The film gives a lot of importance to the character of RN Veerapan (who is based on Dravidian leader RM Veerapan) who tries his best to break up MJR and Jaya. (They probably needed a villain in the piece to make Jayalalithaa look better and he seemed to fit the bill, luckily it is not M Karunanidhi). But Jayalalithaa also cleverly woos MGR’s screen rival of that time, Sivaji Ganesan, to bring MGR back to her. However, she is heartbroken when he casts her aside to start his own party and to become a CM.
But, Veerapan is unable to stem the tide of events as they meet again and MGR brings her into politics and into the AIADMK, known in the film as MTMK. It is here that ‘Thailavii’ starts to drag as the director shows how Jayalalithaa did great things to obliterate hunger in children through mid-day meals and emerges as the succour of the poor and deprived of the state, with a rousing song playing in the background.
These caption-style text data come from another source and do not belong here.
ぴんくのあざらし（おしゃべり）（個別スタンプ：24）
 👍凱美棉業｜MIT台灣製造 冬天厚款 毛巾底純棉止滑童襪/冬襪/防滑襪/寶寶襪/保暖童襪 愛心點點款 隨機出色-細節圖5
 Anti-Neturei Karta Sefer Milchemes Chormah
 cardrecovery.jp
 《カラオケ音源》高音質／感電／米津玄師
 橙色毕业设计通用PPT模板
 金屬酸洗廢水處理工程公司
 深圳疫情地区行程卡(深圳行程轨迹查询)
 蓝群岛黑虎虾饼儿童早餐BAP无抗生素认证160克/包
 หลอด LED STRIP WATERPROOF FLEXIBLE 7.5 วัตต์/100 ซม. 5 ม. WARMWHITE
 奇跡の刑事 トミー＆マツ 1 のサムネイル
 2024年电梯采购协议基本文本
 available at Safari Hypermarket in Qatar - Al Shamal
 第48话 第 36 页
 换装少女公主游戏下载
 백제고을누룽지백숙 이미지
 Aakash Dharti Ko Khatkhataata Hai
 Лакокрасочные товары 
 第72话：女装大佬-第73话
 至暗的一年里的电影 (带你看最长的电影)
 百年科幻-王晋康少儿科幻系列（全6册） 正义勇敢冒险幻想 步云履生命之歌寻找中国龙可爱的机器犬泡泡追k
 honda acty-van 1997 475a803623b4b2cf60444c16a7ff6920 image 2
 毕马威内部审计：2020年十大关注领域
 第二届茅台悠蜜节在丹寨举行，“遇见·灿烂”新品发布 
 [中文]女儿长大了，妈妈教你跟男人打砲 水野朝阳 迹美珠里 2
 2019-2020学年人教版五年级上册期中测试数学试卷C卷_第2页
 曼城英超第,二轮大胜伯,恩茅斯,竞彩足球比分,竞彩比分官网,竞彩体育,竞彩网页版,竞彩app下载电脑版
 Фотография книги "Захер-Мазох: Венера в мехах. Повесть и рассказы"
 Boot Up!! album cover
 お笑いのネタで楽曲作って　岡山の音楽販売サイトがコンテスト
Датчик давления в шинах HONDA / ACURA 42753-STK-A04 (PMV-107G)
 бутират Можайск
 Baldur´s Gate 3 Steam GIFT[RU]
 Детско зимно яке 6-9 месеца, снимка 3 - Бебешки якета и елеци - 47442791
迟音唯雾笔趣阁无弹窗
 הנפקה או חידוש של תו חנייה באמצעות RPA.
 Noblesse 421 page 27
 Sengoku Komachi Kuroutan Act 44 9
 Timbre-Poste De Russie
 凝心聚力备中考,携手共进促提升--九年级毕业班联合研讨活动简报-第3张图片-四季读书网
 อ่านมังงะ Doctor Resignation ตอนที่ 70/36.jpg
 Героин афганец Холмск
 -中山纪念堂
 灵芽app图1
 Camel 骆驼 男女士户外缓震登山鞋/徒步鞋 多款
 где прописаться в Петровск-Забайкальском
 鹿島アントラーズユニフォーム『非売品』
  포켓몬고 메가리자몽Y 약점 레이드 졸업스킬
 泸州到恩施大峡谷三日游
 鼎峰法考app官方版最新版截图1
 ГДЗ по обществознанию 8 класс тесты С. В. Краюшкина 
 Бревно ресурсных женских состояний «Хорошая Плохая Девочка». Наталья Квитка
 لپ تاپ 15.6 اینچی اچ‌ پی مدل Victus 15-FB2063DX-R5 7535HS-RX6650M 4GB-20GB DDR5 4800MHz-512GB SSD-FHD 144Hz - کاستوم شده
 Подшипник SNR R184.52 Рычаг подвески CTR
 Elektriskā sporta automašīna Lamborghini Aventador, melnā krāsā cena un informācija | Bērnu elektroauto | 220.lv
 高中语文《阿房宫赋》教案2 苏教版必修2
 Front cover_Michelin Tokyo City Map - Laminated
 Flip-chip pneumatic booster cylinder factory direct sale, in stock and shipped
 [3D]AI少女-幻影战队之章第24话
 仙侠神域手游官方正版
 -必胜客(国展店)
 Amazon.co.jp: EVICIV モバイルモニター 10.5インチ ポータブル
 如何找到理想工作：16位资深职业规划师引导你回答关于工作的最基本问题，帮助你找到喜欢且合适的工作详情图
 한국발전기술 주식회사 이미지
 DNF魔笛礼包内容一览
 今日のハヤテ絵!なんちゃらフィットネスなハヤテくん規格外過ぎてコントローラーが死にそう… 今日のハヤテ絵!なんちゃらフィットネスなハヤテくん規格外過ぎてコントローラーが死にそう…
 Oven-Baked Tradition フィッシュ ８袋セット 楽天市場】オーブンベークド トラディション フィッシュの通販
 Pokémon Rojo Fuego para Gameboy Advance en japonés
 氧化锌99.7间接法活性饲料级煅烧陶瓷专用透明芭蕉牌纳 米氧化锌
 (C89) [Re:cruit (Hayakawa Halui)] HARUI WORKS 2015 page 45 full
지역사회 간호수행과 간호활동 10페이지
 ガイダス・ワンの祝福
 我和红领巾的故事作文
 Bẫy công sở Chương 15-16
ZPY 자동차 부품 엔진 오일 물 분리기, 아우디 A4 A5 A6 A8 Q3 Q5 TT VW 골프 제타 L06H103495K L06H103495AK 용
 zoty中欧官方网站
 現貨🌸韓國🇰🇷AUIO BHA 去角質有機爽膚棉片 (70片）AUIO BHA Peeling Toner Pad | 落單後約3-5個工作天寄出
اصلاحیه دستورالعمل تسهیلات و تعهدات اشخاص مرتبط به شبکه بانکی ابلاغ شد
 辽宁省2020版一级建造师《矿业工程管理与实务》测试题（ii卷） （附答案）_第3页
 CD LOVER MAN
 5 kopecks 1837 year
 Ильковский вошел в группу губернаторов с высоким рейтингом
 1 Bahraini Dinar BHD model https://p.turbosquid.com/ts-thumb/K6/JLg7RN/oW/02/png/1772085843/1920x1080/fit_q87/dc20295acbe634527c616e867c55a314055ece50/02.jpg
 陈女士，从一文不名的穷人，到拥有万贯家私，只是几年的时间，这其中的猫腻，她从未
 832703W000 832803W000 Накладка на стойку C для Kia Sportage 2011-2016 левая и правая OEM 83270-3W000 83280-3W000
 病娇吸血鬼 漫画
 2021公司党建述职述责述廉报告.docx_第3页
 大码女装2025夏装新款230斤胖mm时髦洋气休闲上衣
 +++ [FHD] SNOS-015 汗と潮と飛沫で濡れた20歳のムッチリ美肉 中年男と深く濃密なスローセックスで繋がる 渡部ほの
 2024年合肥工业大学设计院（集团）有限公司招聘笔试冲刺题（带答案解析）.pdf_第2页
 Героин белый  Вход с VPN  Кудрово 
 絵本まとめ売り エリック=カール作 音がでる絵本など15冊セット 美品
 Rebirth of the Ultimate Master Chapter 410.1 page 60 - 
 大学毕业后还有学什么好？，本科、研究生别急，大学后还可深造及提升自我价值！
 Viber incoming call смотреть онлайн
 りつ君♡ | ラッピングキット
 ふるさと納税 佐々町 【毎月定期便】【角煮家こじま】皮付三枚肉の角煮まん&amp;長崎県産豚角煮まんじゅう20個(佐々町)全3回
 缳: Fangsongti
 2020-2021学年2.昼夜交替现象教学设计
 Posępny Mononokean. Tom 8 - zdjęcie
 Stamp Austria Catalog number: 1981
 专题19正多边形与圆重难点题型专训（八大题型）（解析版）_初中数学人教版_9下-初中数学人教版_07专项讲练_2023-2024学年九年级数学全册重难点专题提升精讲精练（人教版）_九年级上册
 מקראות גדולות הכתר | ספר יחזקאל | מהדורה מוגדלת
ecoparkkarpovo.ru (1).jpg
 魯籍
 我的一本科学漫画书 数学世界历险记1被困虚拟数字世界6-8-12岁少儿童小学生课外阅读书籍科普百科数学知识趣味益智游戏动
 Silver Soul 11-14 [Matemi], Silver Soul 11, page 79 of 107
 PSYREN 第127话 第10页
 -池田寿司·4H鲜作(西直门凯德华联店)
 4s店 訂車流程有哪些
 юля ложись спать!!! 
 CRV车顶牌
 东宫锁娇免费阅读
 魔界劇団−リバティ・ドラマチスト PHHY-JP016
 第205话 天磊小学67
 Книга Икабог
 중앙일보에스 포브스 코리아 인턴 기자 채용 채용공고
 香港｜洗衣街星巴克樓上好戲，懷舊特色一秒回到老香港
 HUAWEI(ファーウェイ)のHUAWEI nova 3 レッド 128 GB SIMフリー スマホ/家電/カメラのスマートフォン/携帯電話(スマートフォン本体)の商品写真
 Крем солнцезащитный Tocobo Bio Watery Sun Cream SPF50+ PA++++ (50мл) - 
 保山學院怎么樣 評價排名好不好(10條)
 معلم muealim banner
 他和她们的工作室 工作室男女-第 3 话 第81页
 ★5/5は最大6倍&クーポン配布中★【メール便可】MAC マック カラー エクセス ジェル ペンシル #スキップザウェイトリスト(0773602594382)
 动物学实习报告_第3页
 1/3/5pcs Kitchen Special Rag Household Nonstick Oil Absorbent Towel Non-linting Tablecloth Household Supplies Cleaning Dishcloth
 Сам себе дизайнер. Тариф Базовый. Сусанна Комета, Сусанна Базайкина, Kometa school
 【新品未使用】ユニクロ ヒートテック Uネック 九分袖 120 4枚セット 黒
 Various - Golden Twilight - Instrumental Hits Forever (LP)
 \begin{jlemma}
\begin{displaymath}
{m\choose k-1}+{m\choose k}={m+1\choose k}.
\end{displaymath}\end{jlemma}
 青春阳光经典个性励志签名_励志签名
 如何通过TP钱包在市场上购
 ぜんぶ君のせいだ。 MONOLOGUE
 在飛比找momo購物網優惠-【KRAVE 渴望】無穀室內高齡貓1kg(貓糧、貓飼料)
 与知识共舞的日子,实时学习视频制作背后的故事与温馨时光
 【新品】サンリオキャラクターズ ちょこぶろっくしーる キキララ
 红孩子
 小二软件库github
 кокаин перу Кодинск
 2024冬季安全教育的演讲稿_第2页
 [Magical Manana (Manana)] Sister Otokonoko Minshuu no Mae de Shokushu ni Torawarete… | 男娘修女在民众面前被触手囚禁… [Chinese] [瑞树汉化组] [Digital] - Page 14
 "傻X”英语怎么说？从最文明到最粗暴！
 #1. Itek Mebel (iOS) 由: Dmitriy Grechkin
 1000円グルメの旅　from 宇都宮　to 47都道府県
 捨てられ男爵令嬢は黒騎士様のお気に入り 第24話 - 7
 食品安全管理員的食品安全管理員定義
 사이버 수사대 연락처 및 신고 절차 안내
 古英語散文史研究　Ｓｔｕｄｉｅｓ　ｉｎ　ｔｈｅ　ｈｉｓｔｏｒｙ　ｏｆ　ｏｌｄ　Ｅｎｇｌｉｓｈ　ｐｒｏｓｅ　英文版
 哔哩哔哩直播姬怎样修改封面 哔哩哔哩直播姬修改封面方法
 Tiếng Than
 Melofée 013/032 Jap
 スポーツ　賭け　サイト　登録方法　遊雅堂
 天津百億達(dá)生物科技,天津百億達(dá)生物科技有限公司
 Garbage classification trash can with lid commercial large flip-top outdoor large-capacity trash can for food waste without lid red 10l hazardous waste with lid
MGR’s death in the film, and the subsequent political events that unfold hold no depth. The worst hand is dealt to the tall leader, the wily K Karunanidhi, played by Nasser. Besides archly lifting one eyebrow and making a grand statement that “it was not right what happened” to Jayalalithaa in the state assembly, he doesn’t have much of a presence in the movie. “This is a black day in the history of politics,” he says grimly about the attack on her. Probably, with a premonition that he had woken a beast and knew she would end up tormenting him for the rest of his political career.
Bollywood actor Bhaygashree as Kangana’s mother and Madhu as MGR’s wife Janaki, hardly have any screen time to talk about. The film has been written by Rajat Arora of “Dirty Picture” (which again did not do justice to Silk Smitha) fame and has no great dialogues to speak off considering that Karunanidhi prided himself on his poetic comebacks.
Kangana’s acting in the second half falls flat as she strives hard to portray righteous anger, pathos and don Jayalalithaa’s imperious look. There is a scene, in which she delivers a speech in Rajya Sabha in ‘perfect’ English that ostensibly left Mrs Gandhi and her son Rajiv Gandhi stunned, says the film. It turns out to be ludicrous rather than dramatic.
Incidentally, MGR had nominated Jayalalithaa to Rajya Sabha giving her seat Number 185 in the Upper House, which was once occupied by the late leader CN Annadurai, when he was an MP in 1963.
Jayalalithaa’s life was marked by ups and downs and there was even a rumoured marriage with Telugu actor Shobhan Babu, which was never proved. But Jayalalithaa’s controversial life, which continues to excite morbid interest is bound to attract filmmakers. There’s ostensibly another Jaya biopic on the way to be directed by Priyadarshan and there’s talk of a sequel to ‘Thailavii’. This is probably where Chinnamma (Jayalalithaa’s close aide Sasikala) will get to play a more prominent role since you have to look hard to spot her in this film.
The Hindi version of ‘Thailavii’ is streaming on Netflix.